Management may not know much about your work, but they see your appearance. Right or wrong, people judge you in part by how you look.

Do a personal evaluation on your appearance. Chances are, you can improve your appearance substantially by simply paying closer attention to the details.

Try to look your best whenever you leave your home. Choosing higher-quality clothing, keeping your hair cut, being clean-shaven, shining you shoes & wearing a smile every time you encounter others will make a big difference in your overall presence.

For work, I recommend you mimic the dress code of your senior management. If anything, dress a bit more conservatively than the top brass at your company.

A good compendium of image books &consultants is Professional Image Publications by Jacqueline Thomas, Staten Island, NY.

Executive etiquette is more than manners

"A good conversationalist is not one who remembers what was said, but says what someone wants to remember." 

J.M. Brown

Personal integrity includes knowing & practicing proper etiquette. There are proper behaviors for every business situation & it's incumbent upon you to learn & practice it. Letitia Baldridge's book, Complete Guide to Executive Manners, Rawson Associates, NYC, 1985, will help you develop poise & grace.

I have personally seen professionals lose career opportunities because they had poor table manners. By happy contrast, I've also seen a candidate of mine demonstrated such a command of etiquette that he won an outstanding position.

This candidate & I were invited to a private function hosted by the prospective employer. Many respected individuals were in attendance. He had dressed properly for the occasion, understood the art of business entertaining, was effective & courteous in his conversation, showed grace & poise in dining, remembered people's names - in short, did everything right.

What won him the job was an act of perception that went beyond mere good manners. As the meal progressed, an older gentleman sitting in the corner went almost unnoticed until my candidate took the time to draw him out. As it turns out, this retiree had been highly successful decades before & relished the opportunity to talk about it with such an interested dinner partner.

As toasts were shared, my candidate toasted the accomplishments & stature of his new friend. This won over the retiree's proud daughter, who also happened to be the wife of the host. Her endorsement helped win my candidate the job.

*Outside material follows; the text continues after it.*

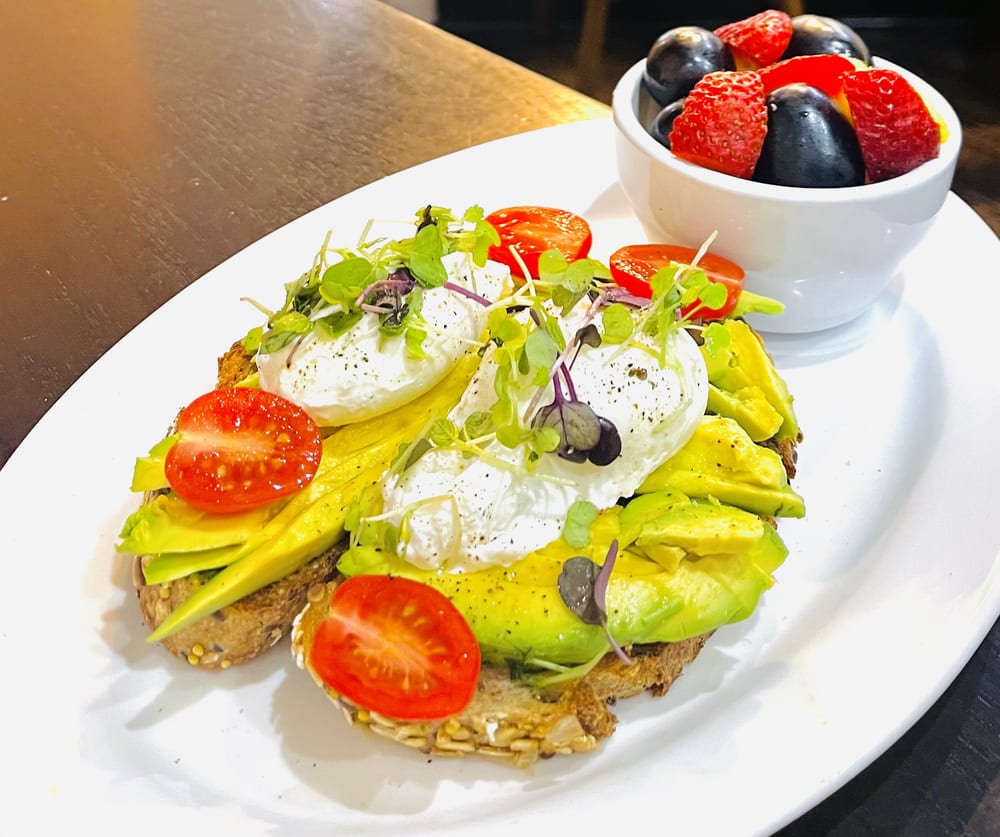 Avocado toast egg sandwich with fruit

Develop a personal code of ethics

"If you are not big enough to lose, you are not big enough to win." - Walter Reuther

Establish your own code of ethics & be willing to hold your ground regardless of temptation or cost. Let others know what standards you live by & don't disappoint them or yourself.

The most respected & admired people are always the "good guys" who win ethically. Short-term gain can't justify the risk of losing our reputation & the victory in having won by fraud.

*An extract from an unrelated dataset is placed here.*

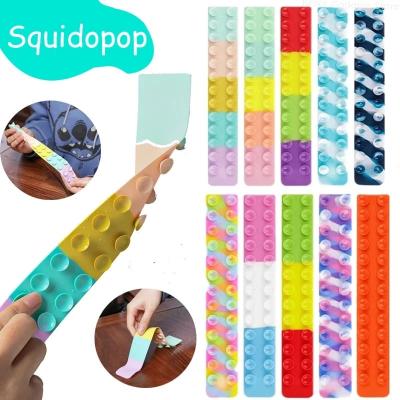 China Toy New Design Soft Silicone Squidopops Relieves Stress Toys Rainbow Noise Squidopop Pull the fidgety person Toy Squido Pop for sale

In my experience, ethical missteps may be the most common cause for career stagnation. Once your integrity is open to question, in even a single incident, there is little hope for forgiveness in a competitive, unforgiving marketplace.

Our firm & its counterparts encounter numerous candidates - otherwise well-qualified - who can't be placed due to breaches of conduct. Theft of time & assets, unprofessional outbursts, overindulgence of alcohol at business & social functions, lies of omission & other such indiscretions are all unacceptable.

In a book like this, I can't give you the moral strength required to always make the right choices. I can, however, suggest an easy yardstick you can use.. Before you act, before you yield to temptation, imagine yourself in the final interview for your dream job.

Would what you're about to do or say improve your chances of advancement?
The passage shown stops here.